What is the ‘natural flavor’ listed on the label? We previously listed the terpenes on the label as “natural flavor”. This has been updated now to specify that the flavor and aroma of the tincture is enhanced by the essential oils named in the ingredients list. The label also now specifies that the terpenes used are certified Organic and are botanically derived.

What is “full spectrum” hemp extract? We work will full spectrum hemp distillate, or extract, in contrast to the alternative ingredient of CBD isolate. Processing hemp biomass into full spectrum distillate creates a resin like substance that is easy to add to salves and tinctures. At this stage it does contain traces of the THC compound, as well as other plant essences, or phytochemicals, which all act together in a symphony on the human nervous system. In contrast CBD isolate is a totally pure end product that is free of anything besides CBD. Isolate is made by processing hemp distillate a few steps further using winterization, filtration, decarboxylation, and distillation to remove fats, waxes and chlorophyll. This leaves an odorless, flavorless white powder known as CBD isolate that contains no traces of THC or other phytochemicals.

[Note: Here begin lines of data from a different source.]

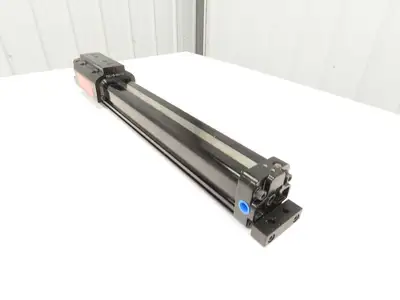 TOL-O-MATIC Rodless Pneumatic Band Cylinder 2" Bore 18.25" Stroke 100 PSI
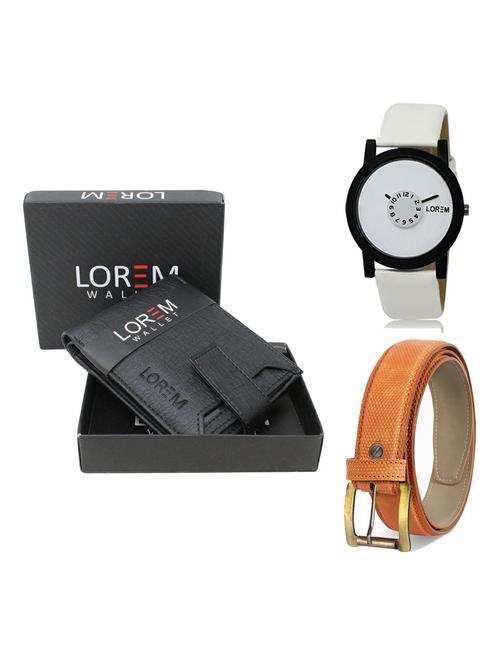 belt, wallet & watch gift combo - 19363365 - Very Small Image - 1
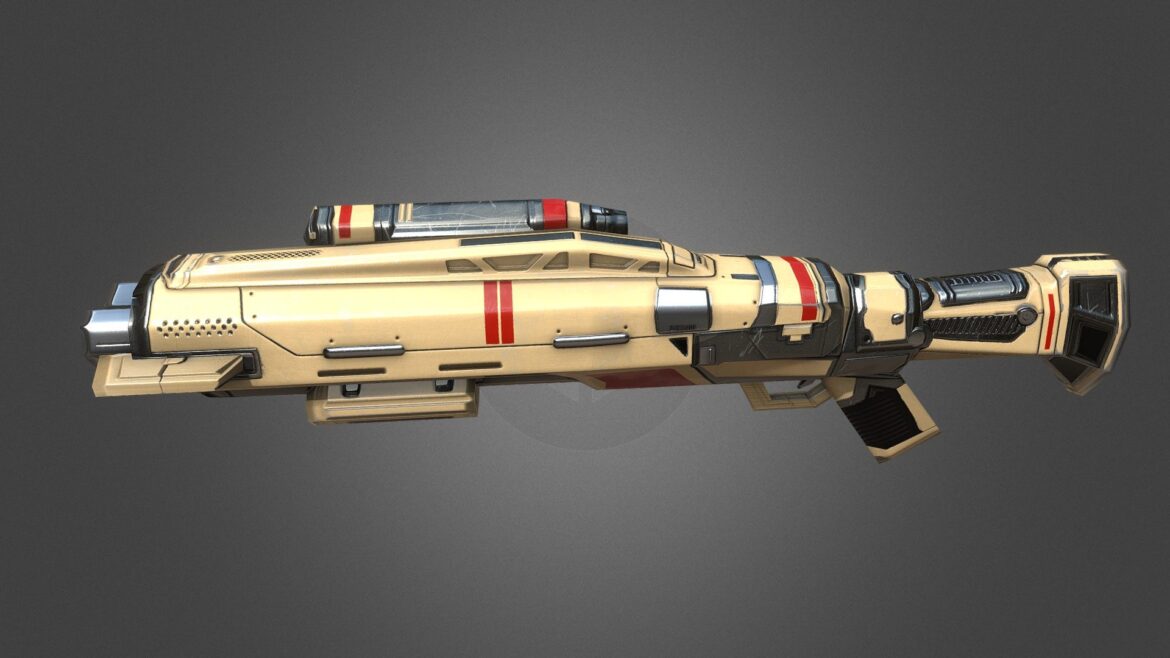 scifi shotgun 3d model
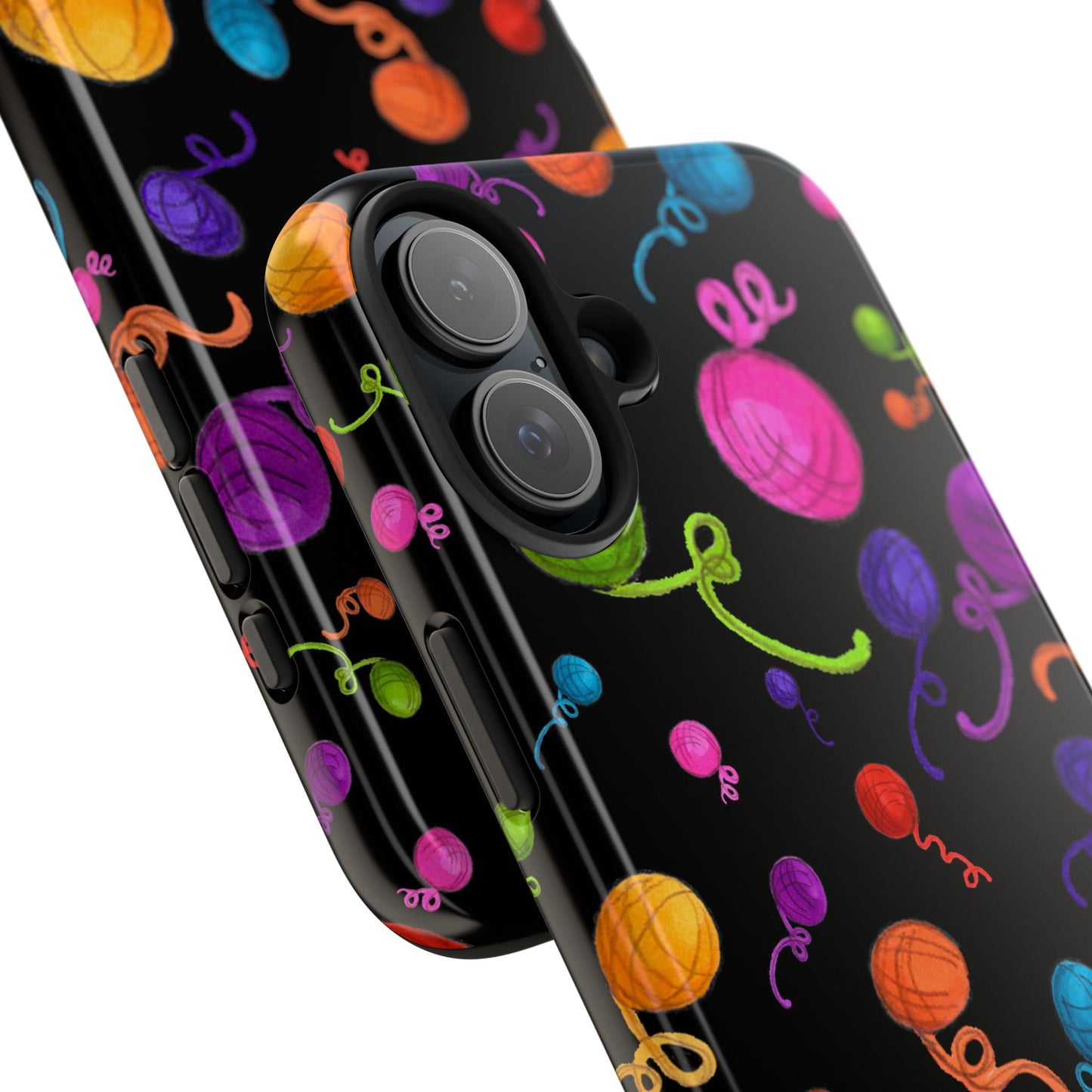 Yarniverse Black Phone Case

See below for a laboratory analysis of Alluvial Farms Wellness full spectrum hemp tincture. Here you can see the amounts of phytochemicals present in our tincture, other than CBD, as well as CBD content, in a sample of tincture sent to our lab of choice in October of 2021.

Is the tincture certified Organic? Our premium CBD oil tinctures are made entirely of certified Organic ingredients. Alluvial Farms certifies our hemp plants as Organic through Oregon Tilth. The coconut oil, and the terpene essential oils are the only other two ingredients and are also certified Organic. We are talking with Oregon Tilth now to determine if we can update our tincture label to call the tincture itself Organic. This will also include a discussion with our processor in order that they certify their facility as Organic. i look forward to researching if this option is currently available to them, and how we can support this next step for their business.

Is your whole farm and everything that comes from it certified Organic? Each year we work with our certifier Oregon Tilth to choose what list of crops or livestock we will certify that year. This year for example we will certify our hemp, grapes, barley and pastures as Organic. We did go through an Organic livestock audit in 2020 and passed, but decided to relinquish that certification in favor of the third party Animal Welfare Approved certification which we achieved in 2020 and will continue to maintain. We relinquished the Organic meat certification in order to be able to use anthelmintic medications when needed for animal welfare reasons, and also to be able to use local, non-organic sources of grains that we know are naturally produced. This gives us a necessary flexibility to be able to provide high quality feed to our animals when certified Organic sources of grain are either not available or priced beyond our ability to afford.
Is the variety of hemp you are growing known to promote any specific effects? Because hemp has only been legal in the united States since the passage of the 2018 Farm Bill, there is very little peer reviewed study of the plants effect on humans. That said, I can quote the website Mr. Hemp Flower, and their review of the ‘Cherry Blossom’ variety that we have grown for the past three years: “Cherry Blossom hemp flower is best recommended for those seeking physical and mental relaxation, improved sleep, or relief from inflammation-related pain. This strain’s profile also exerts a mood-boosting effect that helps to reduce the effects of daily stress and mental tension. Cherry Blossom hemp flower is perfect for pairing with desserts and wine tastings. It’s sweet, berry and floral aroma highlights foods and sparks the mood at social events.”